Wimpy was a large and airy one, nears the bus station in Hanover Street. Desserts again, with a Banana Longboat in a fetching plastic green leaf for Stu (pic to follow, again), and a chocolate fudge cake for me.
Four stars from both of us, first-class effort. Could even have been more, but for the music – just a Michael Bolton dirge away from equalling the aural GBH of the bowling soundtrack in Dundee. Mr Bolton's official website (go on, you know you want to) describes him as the "Soul Provider". Words fail me, though sadly not him.
Fraserburgh itself was another grey but friendly and compact place. The Tourist Information Centre was closed, mind you.

Peterhead: Community spirit


Next to Peterhead, which we’d visited before but were delighted to see had been revamped since, with an Arbroath-style big logo on red background, lots of trendy wooden seats and even a sofa.
This restaurant was clearly a hub for the local community, packed with Peterhead folk young and old. But mainly young and baseball-capped, on the sofa next to the door. One was shivering for Scotland, that’s what being cool does for you.
I had a hot and spicy chicken burger, while Stu opted for a frankfurter in a bun (sadly no longer known as the Bender In A Bun.
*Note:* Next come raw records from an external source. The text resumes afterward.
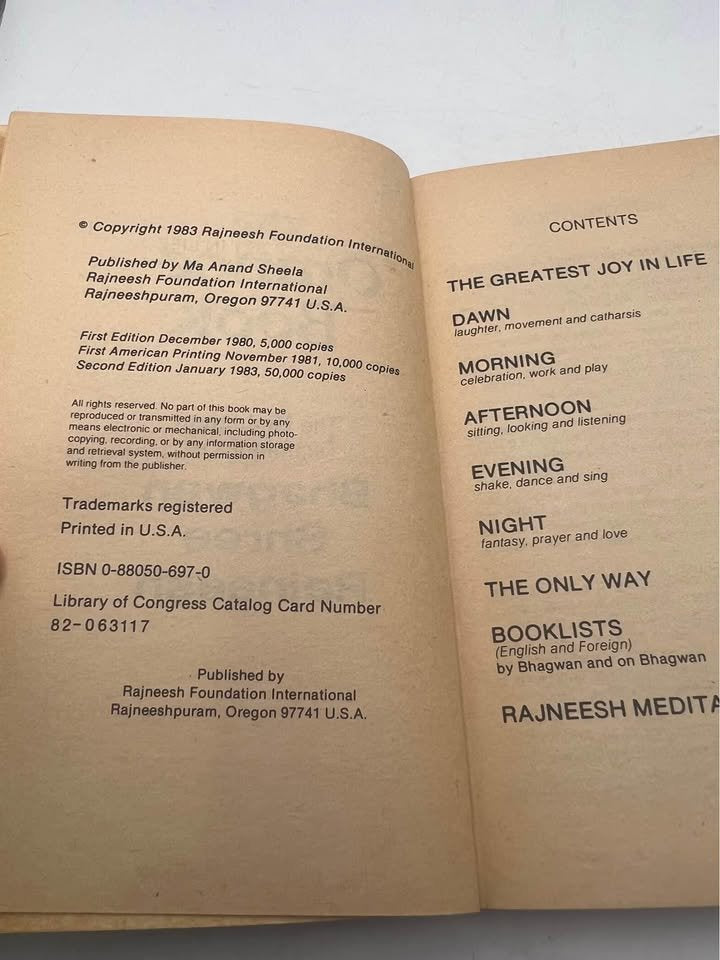 The Orange Book: The Meditation Techniques by Bhagwan Shree Rajneesh Rare Paperback Book 1983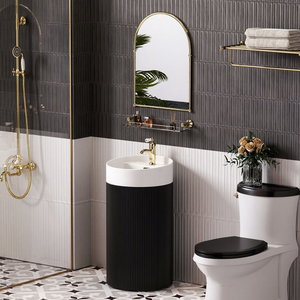 Mueble <span class=keywords><strong>de</strong></span> <span class=keywords><strong>Baño</strong></span> Moderno <span class=keywords><strong>de</strong></span> Estilo Francés Retro con Lavabo Pedestal <span class=keywords><strong>de</strong></span> Cerámica Integrado <span class=keywords><strong>de</strong></span> un Solo Orificio, en Forma <span class=keywords><strong>de</strong></span> <span class=keywords><strong>Columna</strong></span>, para Espacios Pequeños - Product Image 2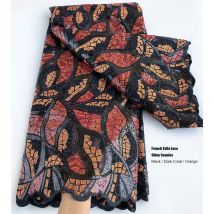 5 yards Embroidered French Lace African Textured Tulle Mesh Fabric with Sequins Fashionable Casual Occasional Traditional Wear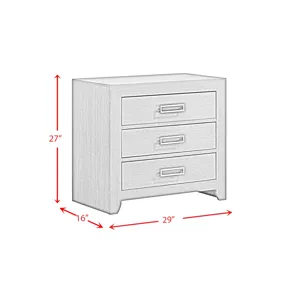 Sasha 3-Drawer Nightstand W/ USB in Grey
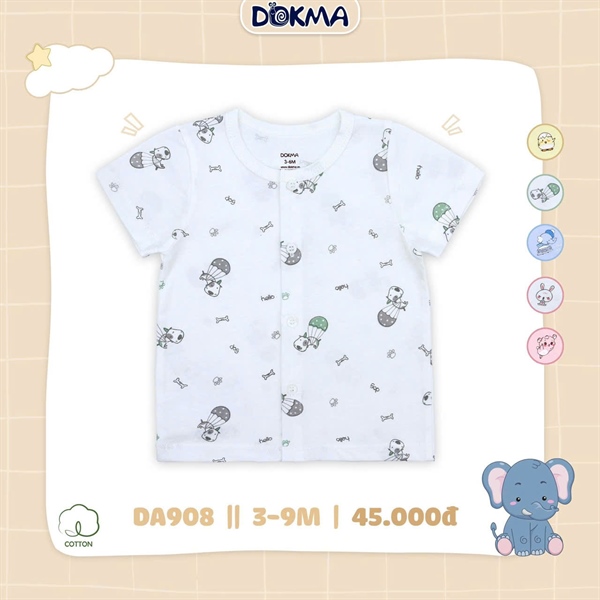 DA908 - 3M/9M Áo cài giữa cộc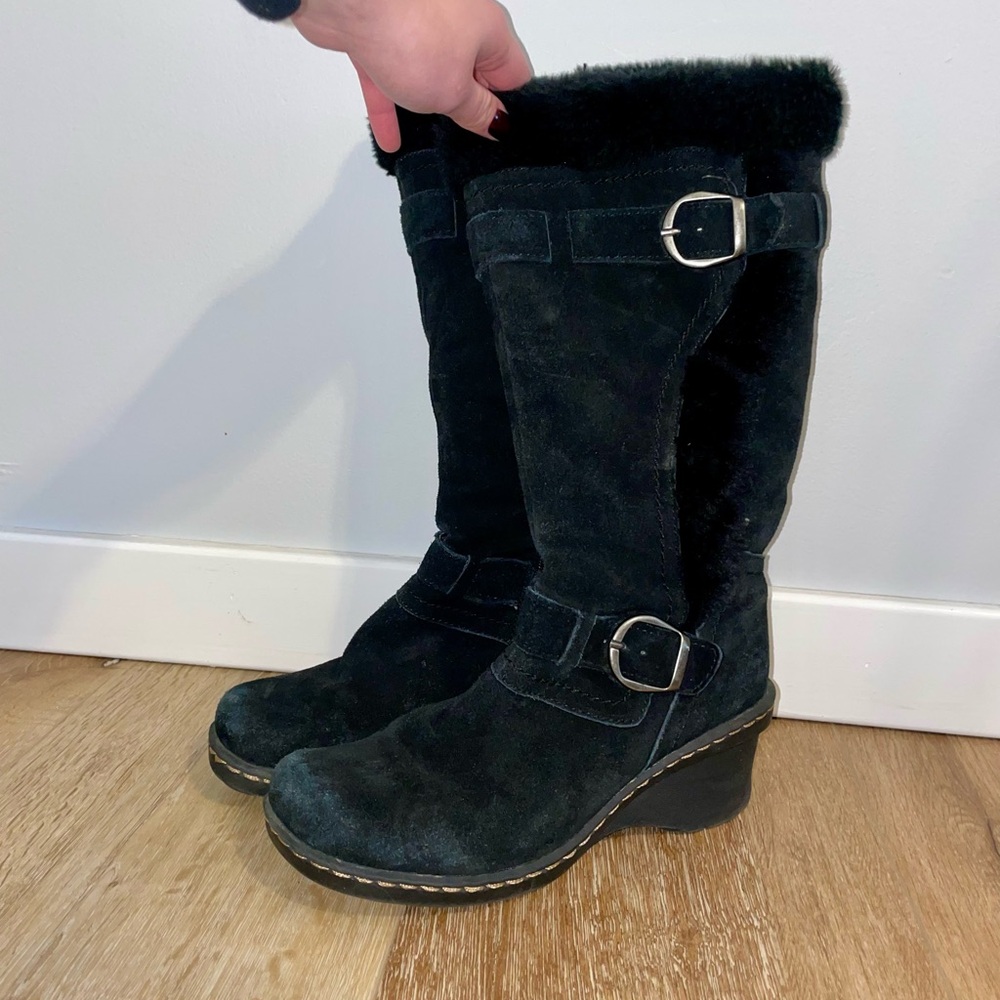 Black Suede Buckle Boots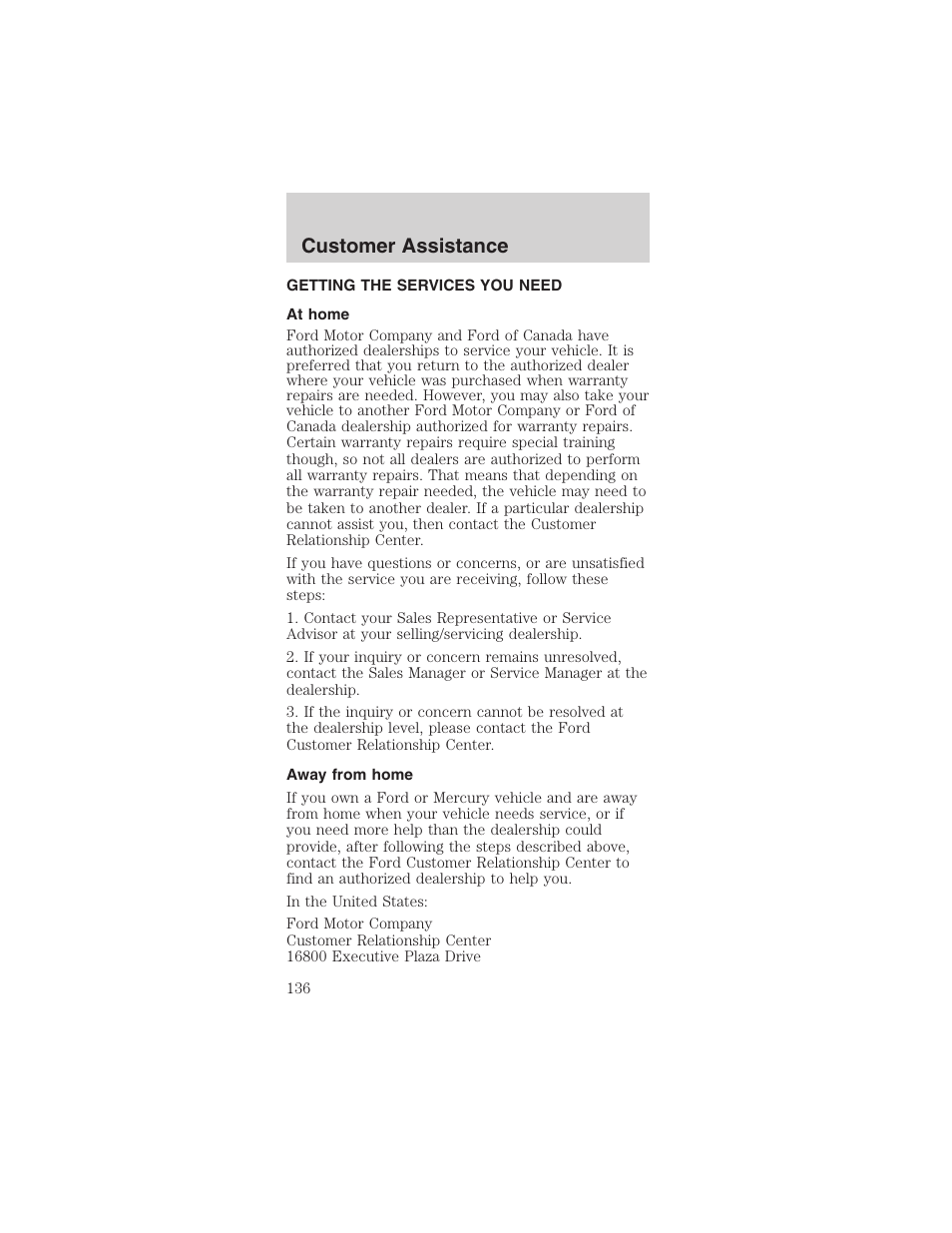 Customer assistance | FORD 2003 Mustang v.4 User Manual | Page 136 / 216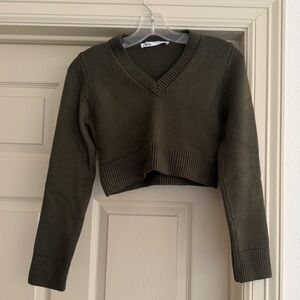 Zara V-Neck Cropped Sweater - Olive Green
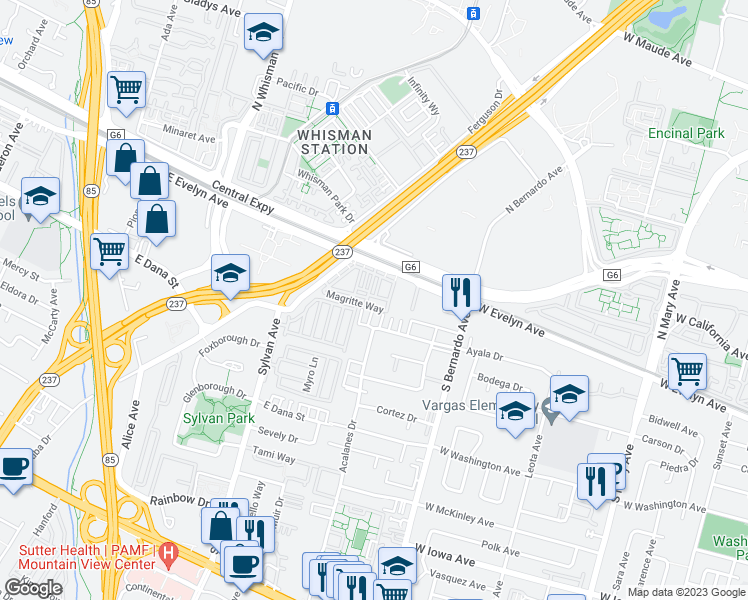 map of restaurants, bars, coffee shops, grocery stores, and more near 474 Kahlo Street in Mountain View
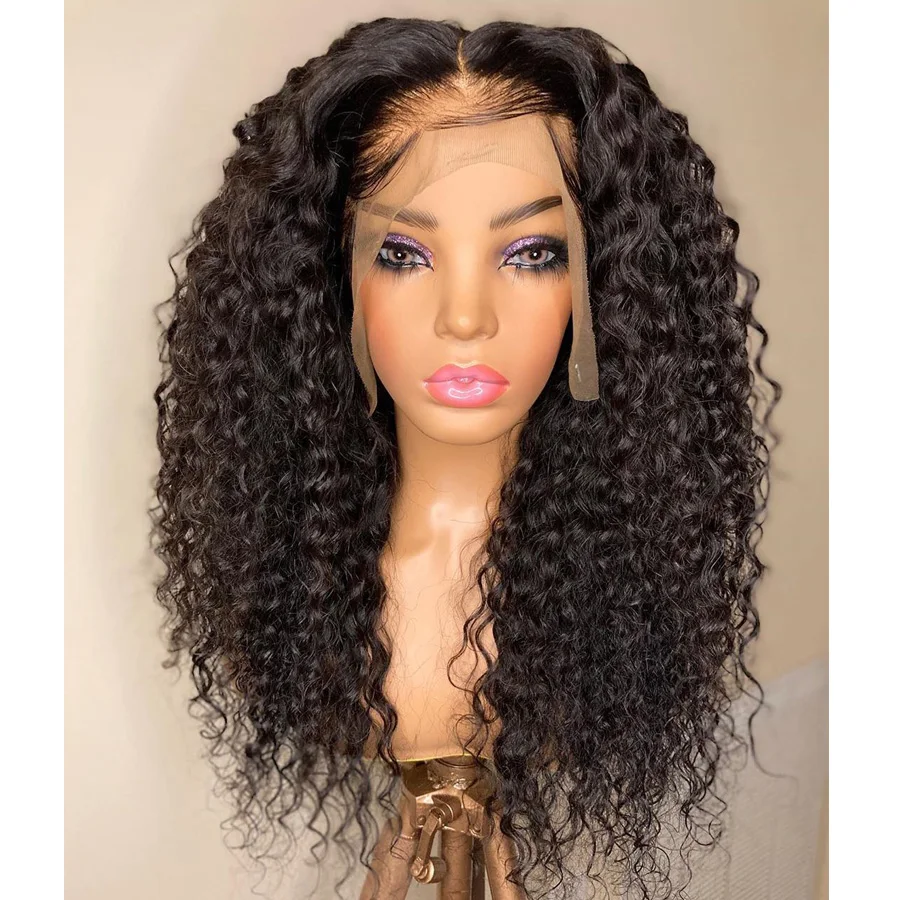 Simbeauty Indian Natural Curly 100% Human Hair Wigs with Baby Hair 200Density Pre Plucked 13x6 Lace Front Wigs Remy for Women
Ah, memories).
Ratings: three from me, three-and-a-half from Stu.
As for Peterhead, it’s a grey town and a very compact one, but not unpleasant. We even tracked down a sports shop with a proud range of Peterhead FC merchandise. I was tempted by a Peterhead FC shirt, but put it swiftly back on the rack on spotting the £38 price tag. Worse was to come…

Aberdeen: A twist in the tale


Up bright and early on what seems to have been a wild goose chase.
Fellow Crawler Andrew tipped us off that Aberdeen had a Wimpy in the city centre “at least when I first came to Aberdeen”. It was near John Lewis, apparently, so that’s where we headed.
But to no avail – despite our best efforts the Wimpy sign was nowhere to be seen.
So we trudged on, with not-so-heavy hearts (we’re relying on the Wimpy website for this trek, and it would have been quite a shock to find an unexpected restaurant).
Next was Sunset Boulevard….still in the Granite City, for another Wimpy inside an amusement arcade.
It was closed.
But, at least we were able to get inside for the obligatory photo, and we’d eaten there on a previous occasion SO IT’S OK.
By the way, neither Wimpy, real nor imaginary, appears in the Aberdeen phone book. The city’s best-kept secret?

Wednesday, 28 March 2007

Arbroath: Smokin'


Next to Arbroath, where the mist lifted slightly and we could see the town in all its sunny splendour.

And a lovely town it is, too, with its picturesque streets. It's famed for its Smokies but also for its ruined Abbey and the Declaration of Arbroath, a landmark for Scottish nationalists through the ages.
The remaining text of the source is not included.